Each file must not be listed more than once. The path is relative to the content directory, the directory that will contain the OPF file. Markdown files are of type text/plain in this step and they will be converted later.

The parseSpine() method does a similar job. It sets a NCX/TOC file and compiles a list of declared IDs. The IDs can be regular expressions. For example, I’ve specified the pattern ^cd{1,2}-.*$ that matches the IDs for the chapters (c01-first-chapter, c02-second-chapter, etc). The beginning “c” is important since XML id attributes cannot start with a number.

The powerful makeEpub() method then starts the transformation process for our ebook. The data needed is:

  • the target .epub file path
  • the temporary directory in which compile and copy all the resources
  • the source directory for template files
  • the optional content filters, in this case Markdown linked to the md extension

It first checks the input parameters to be sure it has the right filesystem permissions, and then calls four helper methods in sequence, corresponding to the required steps:

  • create the META-INF directory and data
  • export all the content files, compile templates and apply filters
  • create the OPF manifest file
  • create the NCX navigation file (if needed)
  • create the compressed epub archive

The createMetaInf() method is the simplest and helps us to understand the template logic behind the others:

<?php
protected function createMetaInf($workDir)
{
    // create destination directory
    if (!mkdir("$workDir/META-INF")) {
        throw new Exception('Unable to create content META-INF directory');
    }

    // compile file
    $tpl = $this->initTemplateEngine(
        array(
            'tpl_dir'   => "{$this->params['templates_dir']}/",
            'tpl_ext'   => 'xml',
            'cache_dir' => sys_get_temp_dir() . '/'
        )
    );
    $tpl->assign('ContentDirectory', $this->params['content_dir']);
    $container = $tpl->draw('book/META-INF/container', true);

    // write compiled file to destination
    if (file_put_contents("$workDir/META-INF/container.xml", $container) === false) {
        throw new Exception("Unable to create content META-INF/container.xml");
    }
}

The container.xml template has only one variable to set which is the path of the content.opf file relative to the base directory of the ebook. The syntax is {$VariableName}.

<?xml version="1.0"?>
<container version="1.0" xmlns="urn:oasis:names:tc:opendocument:xmlns:container">
 <rootfiles>
  <rootfile full-path="{$ContentDirectory}/content.opf"
   media-type="application/oebps-package+xml"/>
  </rootfiles>
</container>

First the RainTPL library is initialized with the templates directory, the extension of the template files, and a temporary cache directory. Then the template variable is assigned ($tpl->assign()) and the draw() method parses the provided template file. Its second parameter tells draw() whether to return the result. The compiled file is then saved to the destination path.

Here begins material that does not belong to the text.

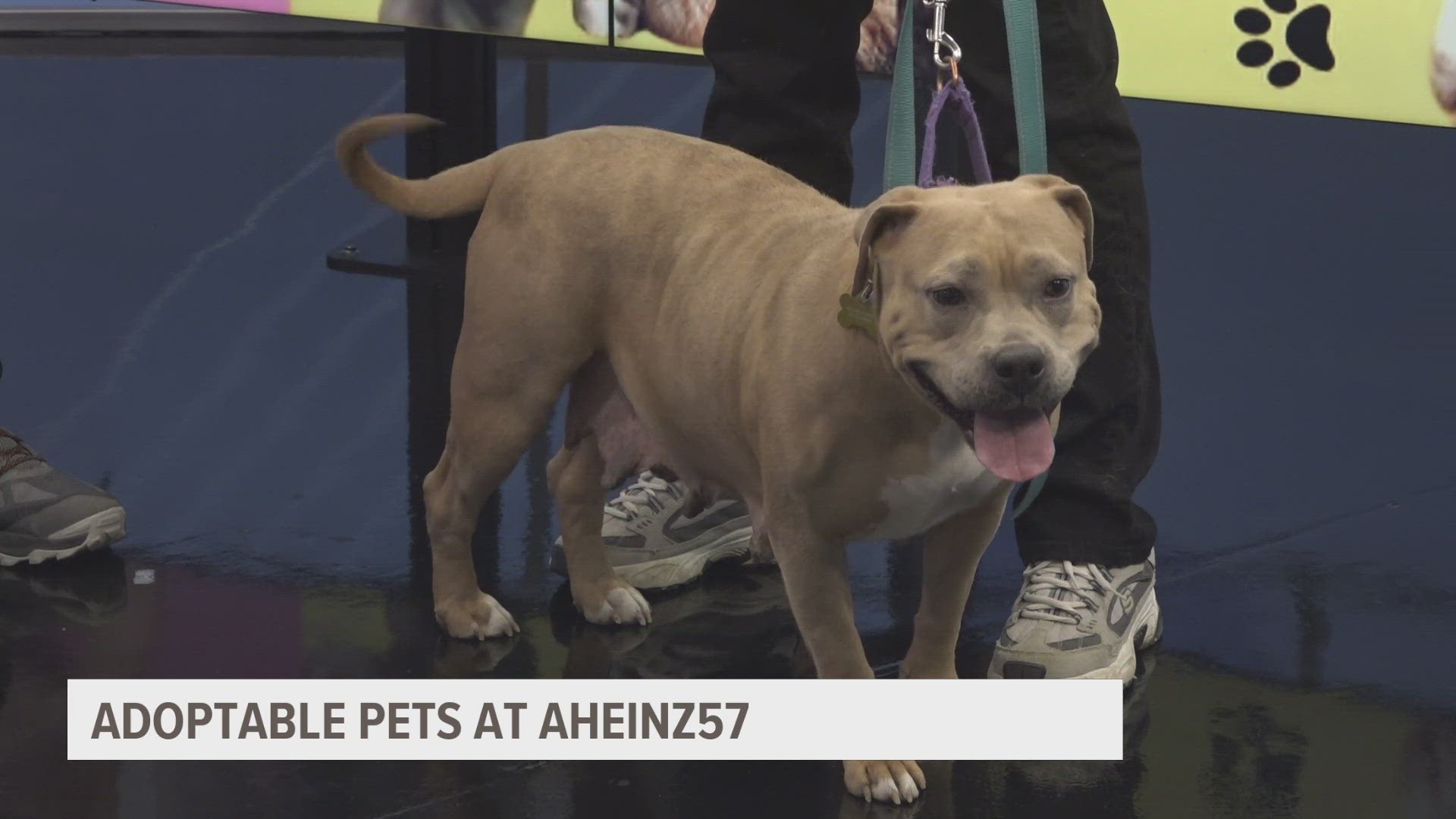 Amy Heinz from AHeinz57 Pet Rescue & Transport joins Local 5 at Midday to introduce Effie May and preview Community Day, taking place Feb. 2, 11 a.m.-4 p.m.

The createOpf() method has the same logic and some more variables to assign. I chose the pattern Book<Varname> so the optional meta data is assigned in the loop:

<?php
$optParams = array(
    'authors',
    'date',
    'description',
    'publisher',
    'relation',
    'rights',
    'subject'
);

foreach ($optParams as $p) {
    if (isset($this->$p)) {
        $tpl->assign('Book' . ucfirst($p), $this->$p);
    }
}

And they are inserted in the template with a conditional syntax:

{if="$BookDescription"}<dc:description>{$BookDescription}</dc:description>{/if}

The files and spine variables are formatted in the method and are inserted in the template with a loop:

<manifest>
    {loop="$BookFiles"}<item id="{$key}" href="{$value.path}" media-type="{$value.type}"/>
    {/loop}
</manifest>

The processBookFiles() is called before the createOpf() and runs a big loop with all the referenced resources ($this->files). For each resource it can choose between two actions:

  • process and filter the file
  • copy the file path “as is” in the destination directory

The filter applied to a file must be a callable PHP function or class method that takes one parameter: the content. The file content is loaded from the original source using file_get_contents() and the filter is applied using the native call_user_func():

<?php
$content = call_user_func($filters[$ext], $content);

The processed content is then injected in an XHTML template, similar to the previous methods. In this case there is also the possibility to use a custom template. If there is a file named .xhtml in the templates directory, that file will be used overriding the default page.xhtml. Also, if a style.css file is present then the {$BookStyle} template variable is set and the CSS is linked to the page.

The resulting file is then written to the destination directory and the manifest entry for that file is updated with the new path and media type, ready for createOpf().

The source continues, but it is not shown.